I know the risks, and if someone
wants to look at my profile, I let them, but if someone wants to be my friend,
I always check out their profile and make sure I know them before I add them as
a friend. And if someone wants to send me a message, I don't respond to anyone
who I don't know.
When you say
profile, what are the privileges that a member of the general public would have
if you just publish your profile versus making them your friend?
You can have a private profile
where no one can look it unless they're friends, and you can have a public one
where everyone can see it, and the only privilege that a friend has is that
they can post comments on your picture and your profile.
So you're saying
that anything you post on your space is available to anyone in the public.
Yes.
The fact that you put your first
and last name and your school: What do you think are the risks associated with
putting your first and last name?
Personally, I don't see the risks
that much. Like, I know that if a predator wanted to find me, then I guess so,
but you don't see my profile unless you know how to find me. If you type my
name in the search you would see my profile. But who would type it in who
doesn't know me?
What if you typed
in the name of your school, your town and the word "Female?"
Then you'd probably get a
thousand other things. I'm not the only one under those categories and if they
look at my school's name they'd probably get a thousand people there.
But let's say that
I were a predator and I was looking for a girl who went to that high school
because I knew I lived nearby and would have access to her. Could I find you?
Yes.
Does that at all
concern you?
Kind of, but how would they pick
me out of everyone at my school? Like I don't post my schedule or anything and
I know friends who do post their schedules - you can post it, but I just don't.
Would it scare you
if you knew that someone with bad intentions actually confronted someone who
had done exactly what you did?
If I knew the person and was
close to them, kind of, but I do know stories of people who have been sexually
assaulted over the Internet. All I can say is that doesn't always happen. The
person had to be careless to a certain extent. If someone says "meet me here,"
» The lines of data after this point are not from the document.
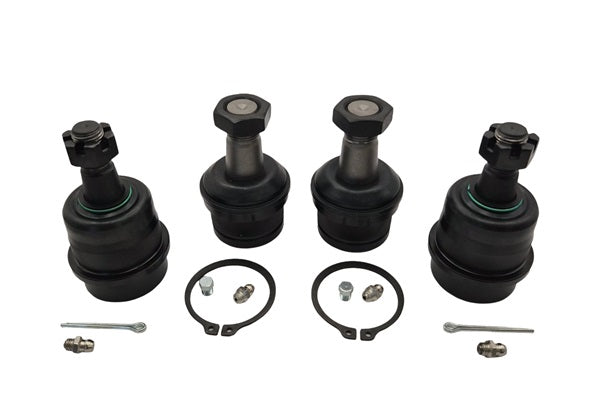 KIT162 - Dodge Ram Super HD Ball Joint Kit - (2) BJ107, (2) BJ149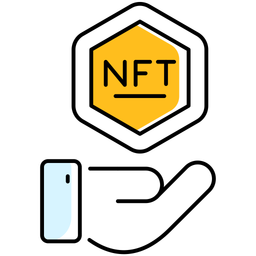 Nft  Icon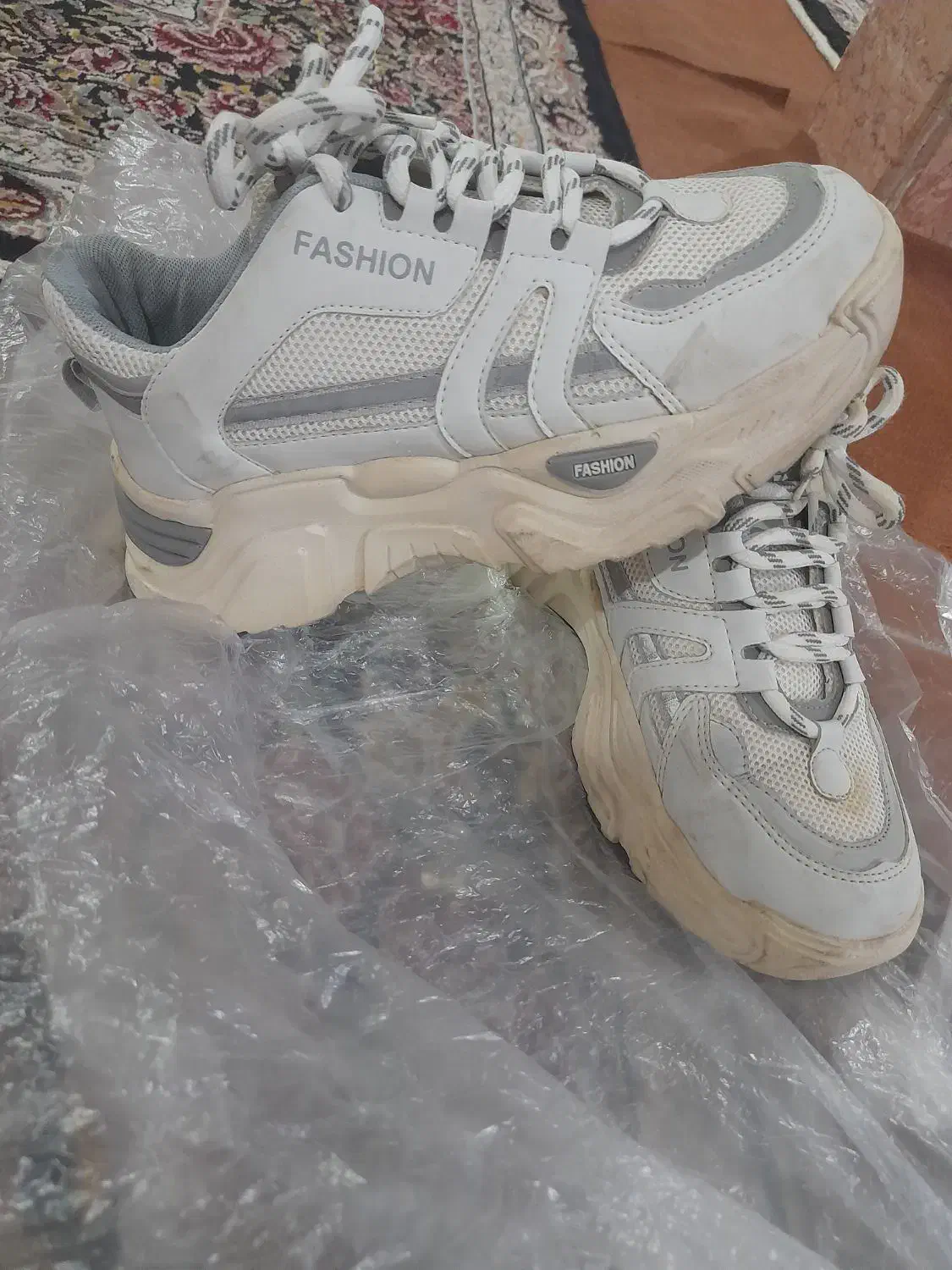 سایز ۳۸|کیف، کفش، کمربند|بروجرد, |دیوار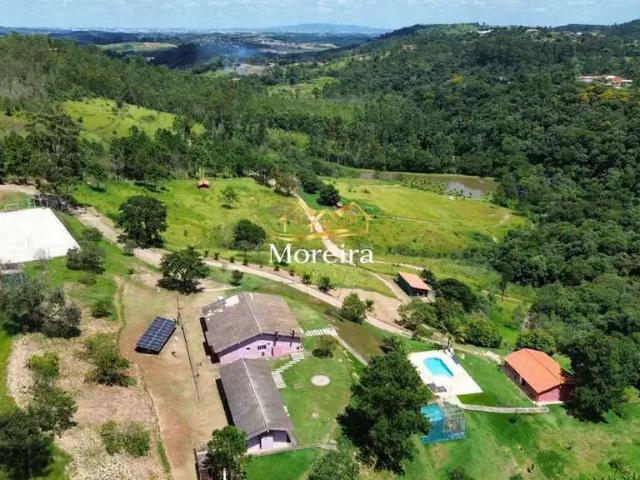 Fazenda venda em Região Imediata de Sorocaba, Região Metropolitana de Sorocaba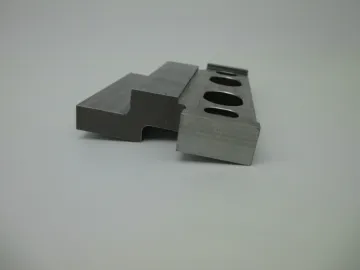 Precision Sheet Metal Fabrication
I wouldn't do that, I know that. But I guess, sometimes, the circumstances are
there, but you have to be kind of careless. Information like where you're
going, what you're doing like exact information - "I'm being in the dark corner
of an alley at 3:00 in the morning." That's careless if you say that. But I
don't say anything like where I'm going to be.
Let's talk about
photographs. Tell me about the type of photographs you might put up there.
I like putting up photos of me
just doing random things. I don't have a digital camera, so whatever I can get
I pretty much get. If I'm at a party and a friend takes a picture of me, then I
want to put it up. I like putting pictures of me up that I think are pretty or
make me look good or something. I would not put up any pictures of me like
pornography or anything, and you do have to certify [in, when you post a photo]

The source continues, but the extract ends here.